What to expect when Apple upgrades to Mini LED displays

Apple is widely expected to make the move to Mini LED displays which are LED-backlit LCD with Mini LED-based backlighting supporting over a thousand of Full-area Local Area Dimming (FLAD) zones. This allows deeper blacks and higher contrast ratio. Mini LED is not to be confused with MicroLED.

Prior to moving to the currently very expensive MicroLED, Apple’s plan is to transition much of the company’s Mac and ‌iPad‌ lineups to Mini LED display technology. Apple analyst Ming-Chi Kuo‌ expects the first Apple products with Mini LED to begin appearing next year.

Mini LED

Juli Clover for MacRumors:

LCD panels used by Apple use LEDs, or light-emitting diodes inside for backlighting purposes to light up the display. Mini-LEDs, as the name suggests, are smaller diodes that are less than 0.2mm… Compared to a traditional LCD, a panel light with mini-LEDs uses many more LEDs, which means there are more total dimming zones to work with. A traditional display might use hundreds of LEDs, but a mini-LED display could have more than a thousand. Apple, in fact, is said to be exploring mini-LED displays that use 10,000 LEDs, each one below 200 microns…

Because there are more LEDs and more dimming zones, mini-LED displays can offer deeper, darker blacks, brighter brights, richer colors, and better contrast because there’s more control over what’s displayed on the screen with so many LEDs…

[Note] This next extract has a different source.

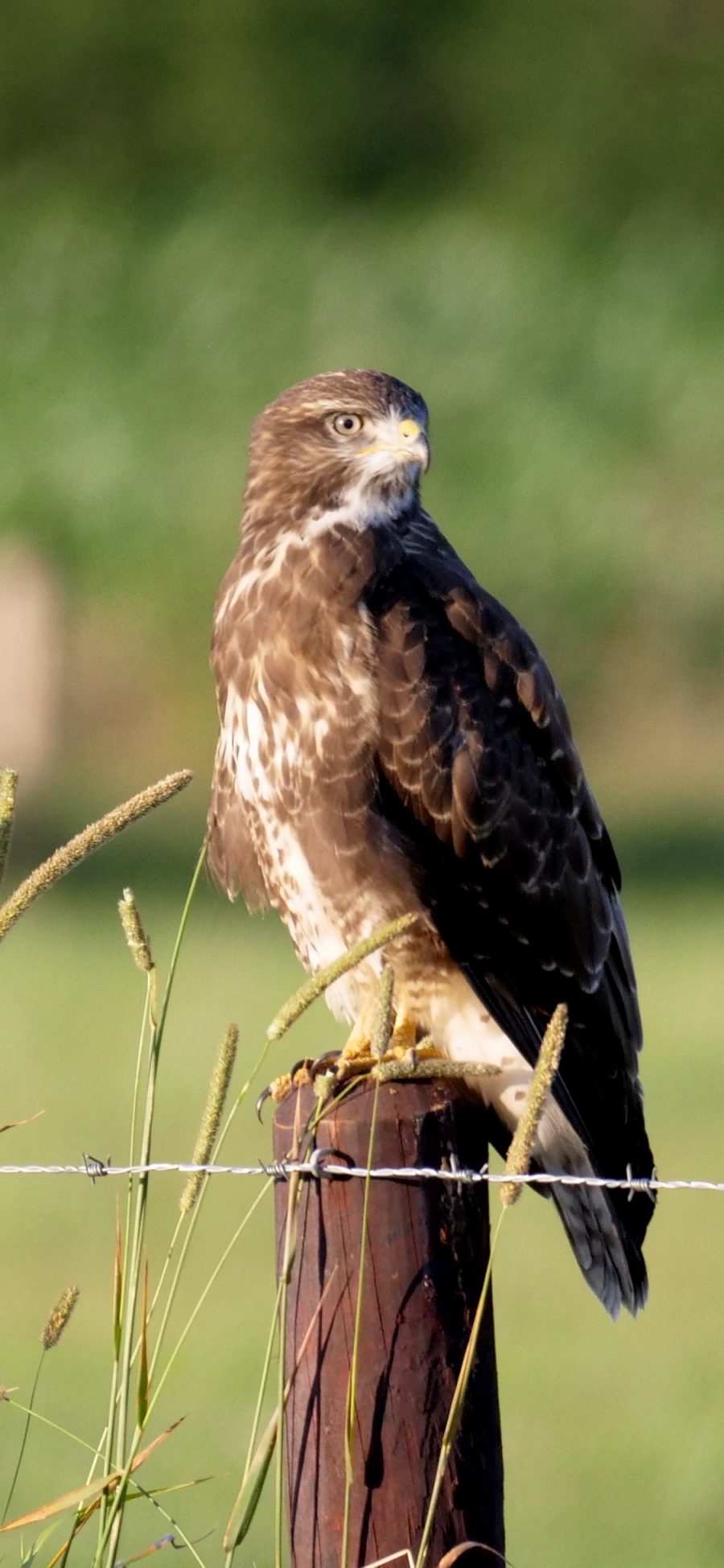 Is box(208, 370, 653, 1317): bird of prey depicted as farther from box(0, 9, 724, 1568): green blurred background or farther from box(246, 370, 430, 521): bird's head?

LED-backlit LCDs are much more power efficient than the cold cathode fluorescent lighting used for LCD panels in the past, and mini-LED LCDs will have additional power efficiency gains.

MacDailyNews Take: Back in December 2019, DigiTimes reported that Taiwan-based supply chain makers including Epistar, General Interface Solution (GIS), Taiwan Surface Mounting Technology (TSMT), Zhen Ding Technology and Flexium Interconnect were poised to receive orders for components to be used in a 12.9-inch Mini LED iPad Pro that Apple was said to launch in calendar third-quarter 2020.

2 Comments

  1. Well that was written by someone absorbed by the microscopic details of the technology over actually expanding, beyond the basics anyway, regarding the advantages to and effects upon the consumer and supplier alike.

  2. Consumer Mini LEDs were intro’d at CES for TVs.

    When you go to BestBuy or Costco and see a TV mfr advertise how many contrast control or local dimming “zones” a TV has from the tens to the hundreds; a Mini-LED TV has alot more, in the thousands.

    More zones is like having more pixels, but where pixels control color; more zones give you better individual control of brightness and contrast. It sounds alot like OLED, which can switch off individual pixels, but OLED seems to be at the opposite end of the brightness spectrum. While OLEDs have amazing blacks, since they can switch off individual pixels, they’re not all that great in bright ambient light. That’s where Mini-LEDs are supposedly good, where ambient light is bright.

    I may be wrong, but that’s what I’ve come to conclude from buying a TV this past Winter.